Thursday, October 10, 2013

Willful Ignorance

George F. Will has the remarkable ability to say something really stupid but coat it with a layer of intellectualism.  For example, this interview yesterday morning on NPR.

In an interview with NPR’s “Morning Edition,” host Steve Inskeep asked Will about President Barack Obama’s argument that Republicans are short-circuiting the system by using government funding and the debt ceiling as leverage to dismantle Obamacare, rather than repealing the law outright.

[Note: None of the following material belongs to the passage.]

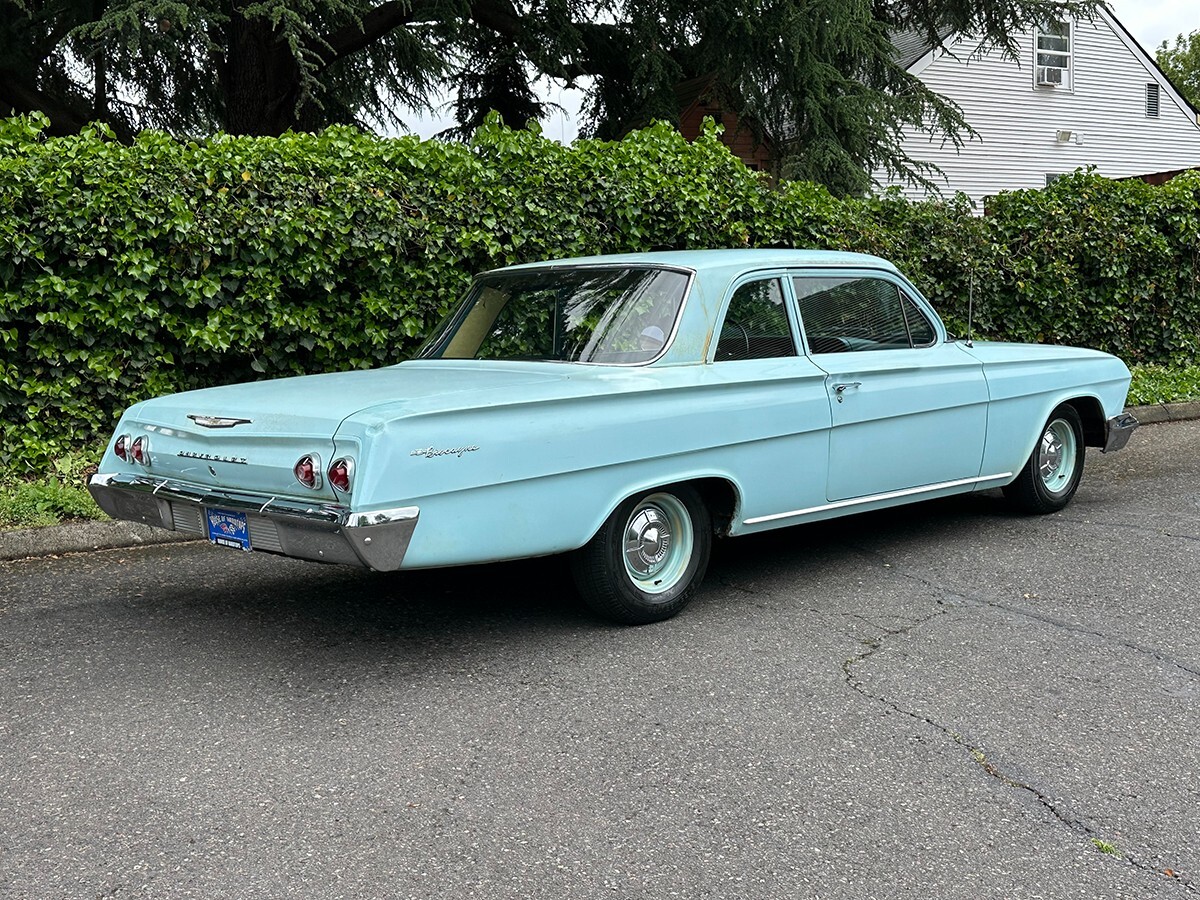 Chevrolet-Biscayne-1962-Sedan-3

“How does this short-circuit the system?” Will said. “I hear Democrats say, ‘The Affordable Care Act is the law,’ as though we’re supposed to genuflect at that sunburst of insight and move on. Well, the Fugitive Slave Act was the law, separate but equal was the law, lots of things are the law and then we change them.”

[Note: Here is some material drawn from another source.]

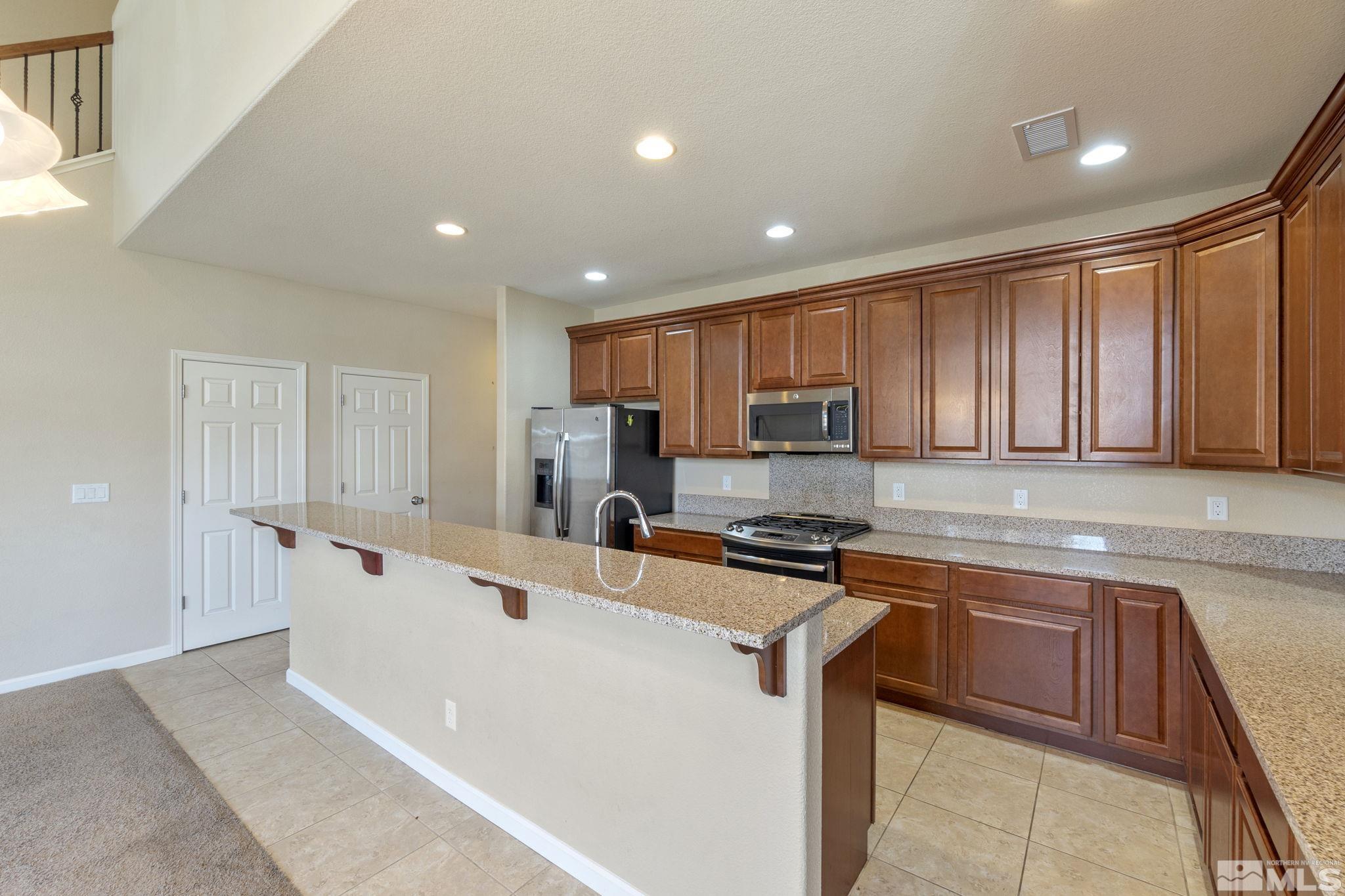 225 Brooksby Lane Reno, NV 89509 - Photo 4 of 25 Photo 4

Yes, we did change the law… through the legislative or judicial process, not by holding the government hostage with threats of financial ruin.  That’s short-circuiting the system.

There have been ample opportunities to dismantle Obamacare.  The House has tried to repeal it more than forty times, but the bills don’t go anywhere if the Senate doesn’t pass it and the president doesn’t sign it because that’s how the system works.  The Supreme Court weighed in and left it largely intact.  There was a presidential election where one candidate said he would repeal the law on his first day in office — thereby revealing that he didn’t understand the system, either.  None of it worked, so yes, that’s the law and it’s still the law.

We’re not genuflecting at the sunburst of insight of Obamacare; we’re honoring the system of laws and procedure that we’ve had in place for over two hundred years.  (By the way, I’m sure it was entirely unintentional that Mr. Will cited two laws that impacted African-Americans when talking about repealing a law that is the hallmark of the country’s first African-American president.  Right.)